Web page caption snippets:
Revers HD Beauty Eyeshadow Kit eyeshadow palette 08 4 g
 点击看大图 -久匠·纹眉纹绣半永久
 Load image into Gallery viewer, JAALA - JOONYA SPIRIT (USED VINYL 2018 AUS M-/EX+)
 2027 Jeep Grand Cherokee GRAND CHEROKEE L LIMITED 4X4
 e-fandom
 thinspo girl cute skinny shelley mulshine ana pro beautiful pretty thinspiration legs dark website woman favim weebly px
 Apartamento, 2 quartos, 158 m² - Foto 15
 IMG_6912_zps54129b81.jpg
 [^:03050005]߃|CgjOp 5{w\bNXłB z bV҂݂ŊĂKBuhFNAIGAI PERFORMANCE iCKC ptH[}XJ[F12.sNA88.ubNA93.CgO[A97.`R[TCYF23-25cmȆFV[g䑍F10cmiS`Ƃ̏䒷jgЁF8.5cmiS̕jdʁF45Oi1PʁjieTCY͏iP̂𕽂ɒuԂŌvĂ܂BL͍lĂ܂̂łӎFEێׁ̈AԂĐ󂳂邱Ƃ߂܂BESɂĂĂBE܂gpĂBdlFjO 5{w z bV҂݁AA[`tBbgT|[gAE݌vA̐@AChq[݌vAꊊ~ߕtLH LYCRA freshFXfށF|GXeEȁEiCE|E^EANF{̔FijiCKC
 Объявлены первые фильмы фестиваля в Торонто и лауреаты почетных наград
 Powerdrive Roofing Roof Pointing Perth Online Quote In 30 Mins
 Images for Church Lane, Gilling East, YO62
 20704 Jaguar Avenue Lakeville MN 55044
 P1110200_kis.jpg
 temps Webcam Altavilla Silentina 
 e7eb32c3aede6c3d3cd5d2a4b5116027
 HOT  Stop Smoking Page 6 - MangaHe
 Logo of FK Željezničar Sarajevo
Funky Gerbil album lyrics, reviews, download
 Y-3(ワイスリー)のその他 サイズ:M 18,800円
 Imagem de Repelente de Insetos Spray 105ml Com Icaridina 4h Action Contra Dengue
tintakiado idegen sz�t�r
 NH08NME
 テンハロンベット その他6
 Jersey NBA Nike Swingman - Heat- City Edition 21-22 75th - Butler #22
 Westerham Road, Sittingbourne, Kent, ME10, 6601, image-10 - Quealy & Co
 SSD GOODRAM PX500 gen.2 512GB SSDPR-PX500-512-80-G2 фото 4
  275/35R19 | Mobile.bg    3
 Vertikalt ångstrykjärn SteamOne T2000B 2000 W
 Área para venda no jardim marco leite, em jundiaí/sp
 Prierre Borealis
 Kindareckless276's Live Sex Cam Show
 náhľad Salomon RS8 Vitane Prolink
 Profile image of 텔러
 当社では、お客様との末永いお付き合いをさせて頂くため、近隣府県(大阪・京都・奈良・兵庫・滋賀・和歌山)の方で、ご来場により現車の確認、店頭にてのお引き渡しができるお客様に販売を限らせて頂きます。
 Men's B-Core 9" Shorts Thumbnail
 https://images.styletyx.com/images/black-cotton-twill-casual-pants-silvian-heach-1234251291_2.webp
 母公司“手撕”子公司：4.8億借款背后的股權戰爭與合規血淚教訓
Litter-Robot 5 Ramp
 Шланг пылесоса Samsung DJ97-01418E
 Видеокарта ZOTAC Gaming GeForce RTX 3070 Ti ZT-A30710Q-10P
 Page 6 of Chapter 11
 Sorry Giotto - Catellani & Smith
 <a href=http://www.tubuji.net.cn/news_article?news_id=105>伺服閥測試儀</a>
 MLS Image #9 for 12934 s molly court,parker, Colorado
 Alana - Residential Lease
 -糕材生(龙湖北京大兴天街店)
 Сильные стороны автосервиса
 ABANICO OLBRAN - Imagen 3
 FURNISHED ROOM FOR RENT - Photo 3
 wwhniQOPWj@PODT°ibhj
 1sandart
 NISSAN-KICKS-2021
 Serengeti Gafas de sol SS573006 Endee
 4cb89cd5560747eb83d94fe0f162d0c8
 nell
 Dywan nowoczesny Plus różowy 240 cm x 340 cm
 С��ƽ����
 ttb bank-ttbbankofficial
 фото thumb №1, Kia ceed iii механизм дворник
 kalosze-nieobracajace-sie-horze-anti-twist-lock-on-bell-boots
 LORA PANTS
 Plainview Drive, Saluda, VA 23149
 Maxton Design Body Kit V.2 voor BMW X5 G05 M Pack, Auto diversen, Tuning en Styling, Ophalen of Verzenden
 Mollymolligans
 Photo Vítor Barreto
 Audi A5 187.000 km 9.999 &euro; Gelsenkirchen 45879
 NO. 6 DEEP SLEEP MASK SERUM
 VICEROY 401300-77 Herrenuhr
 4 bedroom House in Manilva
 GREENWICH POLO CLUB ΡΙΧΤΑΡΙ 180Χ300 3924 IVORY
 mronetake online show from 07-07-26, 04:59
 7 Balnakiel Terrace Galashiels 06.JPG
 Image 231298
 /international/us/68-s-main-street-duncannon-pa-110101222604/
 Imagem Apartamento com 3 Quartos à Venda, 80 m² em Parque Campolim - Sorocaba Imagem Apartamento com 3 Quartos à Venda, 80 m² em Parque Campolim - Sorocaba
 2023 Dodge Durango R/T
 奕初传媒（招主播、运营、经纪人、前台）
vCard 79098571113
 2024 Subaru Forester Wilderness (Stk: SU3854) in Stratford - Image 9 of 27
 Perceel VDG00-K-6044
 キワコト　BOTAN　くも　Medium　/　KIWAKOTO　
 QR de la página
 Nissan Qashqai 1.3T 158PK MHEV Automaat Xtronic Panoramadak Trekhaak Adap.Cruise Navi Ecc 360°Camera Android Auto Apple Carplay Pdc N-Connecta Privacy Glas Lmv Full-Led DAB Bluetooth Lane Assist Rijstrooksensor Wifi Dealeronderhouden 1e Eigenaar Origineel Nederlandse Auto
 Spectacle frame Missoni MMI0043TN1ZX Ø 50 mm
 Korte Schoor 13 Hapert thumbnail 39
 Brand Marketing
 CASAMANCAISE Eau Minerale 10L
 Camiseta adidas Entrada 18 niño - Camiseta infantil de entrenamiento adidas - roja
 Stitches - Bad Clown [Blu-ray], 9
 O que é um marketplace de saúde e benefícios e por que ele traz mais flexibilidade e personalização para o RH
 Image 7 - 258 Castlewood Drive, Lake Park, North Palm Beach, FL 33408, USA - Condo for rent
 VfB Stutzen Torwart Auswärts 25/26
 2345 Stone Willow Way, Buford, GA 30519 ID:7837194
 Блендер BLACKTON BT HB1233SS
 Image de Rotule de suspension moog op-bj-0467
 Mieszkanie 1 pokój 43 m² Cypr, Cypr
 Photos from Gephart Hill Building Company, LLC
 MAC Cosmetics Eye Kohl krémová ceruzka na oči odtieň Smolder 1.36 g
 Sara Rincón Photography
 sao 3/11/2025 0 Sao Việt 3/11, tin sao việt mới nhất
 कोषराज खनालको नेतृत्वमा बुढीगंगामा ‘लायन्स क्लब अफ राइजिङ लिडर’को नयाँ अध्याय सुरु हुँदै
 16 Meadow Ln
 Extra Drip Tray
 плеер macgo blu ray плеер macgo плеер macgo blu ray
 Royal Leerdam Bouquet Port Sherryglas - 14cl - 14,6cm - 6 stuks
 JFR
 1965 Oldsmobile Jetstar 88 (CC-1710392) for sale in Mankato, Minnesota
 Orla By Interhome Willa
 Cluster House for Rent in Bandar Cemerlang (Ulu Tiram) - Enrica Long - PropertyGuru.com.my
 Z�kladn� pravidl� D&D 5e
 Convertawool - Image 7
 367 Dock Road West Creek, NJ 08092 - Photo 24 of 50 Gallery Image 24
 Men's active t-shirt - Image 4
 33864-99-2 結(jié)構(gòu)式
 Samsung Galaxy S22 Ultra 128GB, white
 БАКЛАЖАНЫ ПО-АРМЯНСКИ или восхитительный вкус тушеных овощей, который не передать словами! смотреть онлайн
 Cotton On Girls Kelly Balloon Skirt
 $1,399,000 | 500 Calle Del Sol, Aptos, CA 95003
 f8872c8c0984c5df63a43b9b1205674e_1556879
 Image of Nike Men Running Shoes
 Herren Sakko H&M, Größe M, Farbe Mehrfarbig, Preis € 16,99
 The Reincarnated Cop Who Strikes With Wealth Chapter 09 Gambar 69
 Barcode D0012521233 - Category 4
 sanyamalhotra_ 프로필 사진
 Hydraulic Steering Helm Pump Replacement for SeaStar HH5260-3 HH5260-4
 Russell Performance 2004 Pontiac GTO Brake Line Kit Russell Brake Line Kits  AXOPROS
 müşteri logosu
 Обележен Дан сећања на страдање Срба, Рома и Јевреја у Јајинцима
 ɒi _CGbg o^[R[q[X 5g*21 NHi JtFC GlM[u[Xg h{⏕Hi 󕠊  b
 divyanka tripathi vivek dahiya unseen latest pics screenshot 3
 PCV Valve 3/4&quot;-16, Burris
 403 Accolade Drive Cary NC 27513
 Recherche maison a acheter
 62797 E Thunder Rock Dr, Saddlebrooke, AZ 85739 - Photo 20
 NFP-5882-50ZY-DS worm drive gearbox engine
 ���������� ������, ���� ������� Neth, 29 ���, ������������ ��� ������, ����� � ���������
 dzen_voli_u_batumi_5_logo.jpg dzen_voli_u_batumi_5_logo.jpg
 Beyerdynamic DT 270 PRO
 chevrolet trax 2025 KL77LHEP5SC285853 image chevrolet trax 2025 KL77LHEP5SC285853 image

=== Brief ===
Set down exactly, and only, the lines from the one containing "NFP-5882-50ZY-DS worm drive gearbox engine" to the final line of the data.

=== Response to the exercise ===
 NFP-5882-50ZY-DS worm drive gearbox engine
 ���������� ������, ���� ������� Neth, 29 ���, ������������ ��� ������, ����� � ���������
 dzen_voli_u_batumi_5_logo.jpg dzen_voli_u_batumi_5_logo.jpg
 Beyerdynamic DT 270 PRO
 chevrolet trax 2025 KL77LHEP5SC285853 image chevrolet trax 2025 KL77LHEP5SC285853 image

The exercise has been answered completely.